NI thresholds mean nearly all tax year pieces in place

On Friday 31st it seemed like our pleas as employer and agent representatives finally paid off when the Government announced the NI rates and thresholds for 2020/21. Since Christmas there has been furious lobbying behind the scenes to make the point that we wouldn’t be able to pay people for April unless NI details were published ahead of the Budget. Some April payrolls are run at the end of February for payment on 6th April, so a Budget on 11th March was simply way too late.

Those friends of mine with long memories dredged up recollections of changing NI mid-tax year back in 1989 and we haven’t done that since, which, given NI isn’t cumulative, is a relief. It now seems that we should be able to get the software changes in place in time and the Government should be very grateful to the payroll software industry for turning on a sixpence yet again, when politics looked like it would conspire to prevent us paying employees correctly.

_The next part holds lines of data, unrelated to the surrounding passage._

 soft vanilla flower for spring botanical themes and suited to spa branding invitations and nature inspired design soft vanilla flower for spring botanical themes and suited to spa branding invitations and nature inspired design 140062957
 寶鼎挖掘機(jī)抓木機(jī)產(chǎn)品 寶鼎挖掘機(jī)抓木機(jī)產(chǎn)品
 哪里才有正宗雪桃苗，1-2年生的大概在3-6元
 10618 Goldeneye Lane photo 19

The details you need are as follows:

Pay frequency

LEL PT ST UEL AUST UST
 Weekly £120 £183 £169 £962 £962 £962
 Fortnightly £240 £366 £338 £1,924 £1,924 £1,924
 Four-weekly £480 £731 £676 £3,847 £3,847 £3,847
 Monthly £520 £792 £732 £4,167 £4,167 £4,167
 Yearly £6,240 £9,500 £8,788 £50,000 £50,000 £50,000

 

There are no changes to any of the percentages or table letters.

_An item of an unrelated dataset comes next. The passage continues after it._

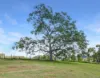 Lot 84 Kynoch Road, Ravensbourne, Qld 4352-Image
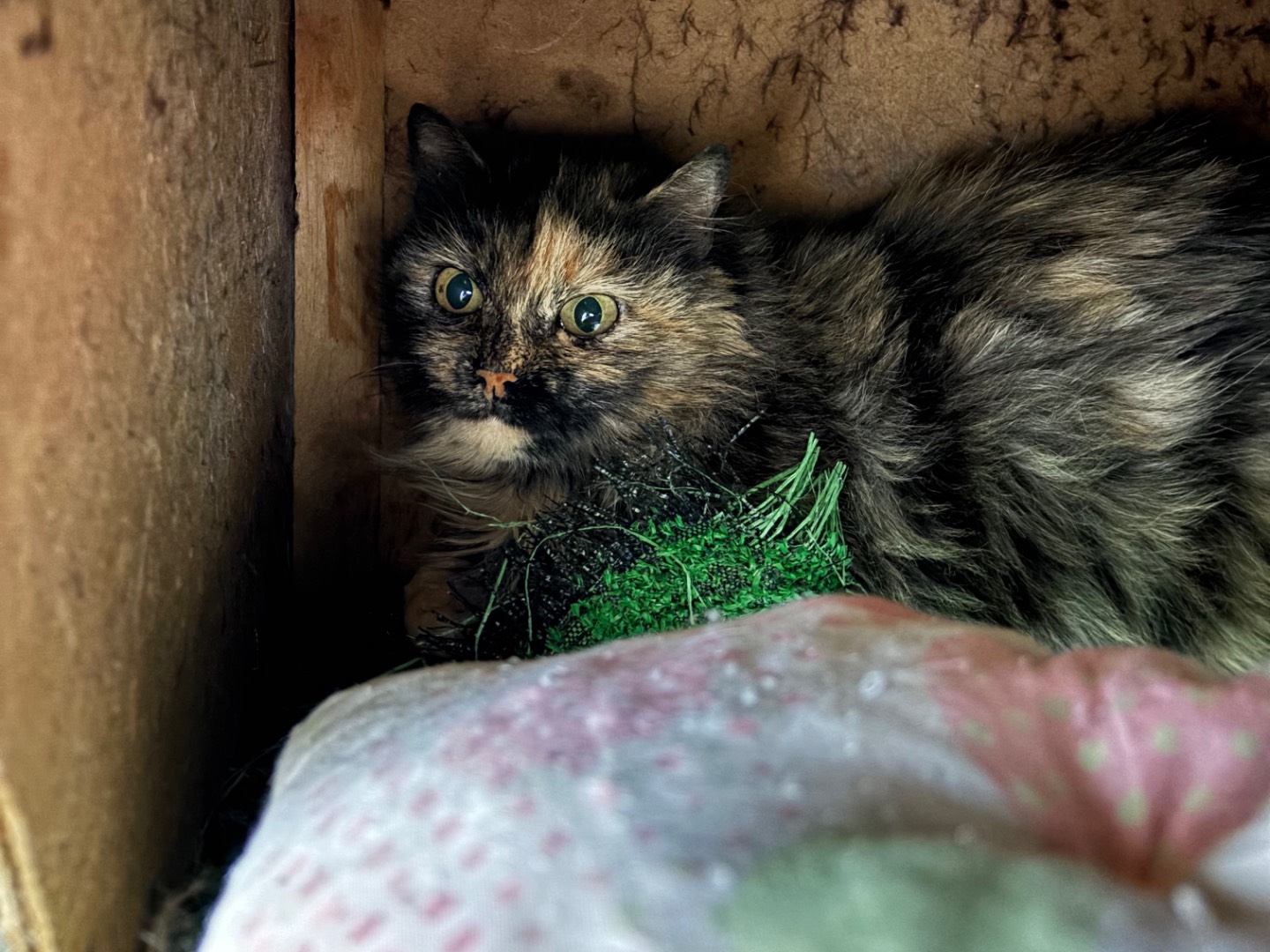Adotta un gatto, femmina, 6 anni e 2 mesi, Brescia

Remember the introduction of Class 1A (employer only) NI on termination payments over £30,000 is not handled via a table letter from 6th April, it requires the employer to complete a manual calculation and enter that in the FPS.

The next question is of course will the auto-enrolment thresholds be aligned with the NI thresholds as currently? Let’s hope we find that out quickly too as that will leave just tax for Budget day. It was 2002 when we last rolled on tax rates and thresholds until week 6 and changed them in week 7, but if we’re still aligning the UEL with the 40% threshold, and we were told no tax rises and a £12,500 personal allowance for 2020/21, then maybe we’re just about there.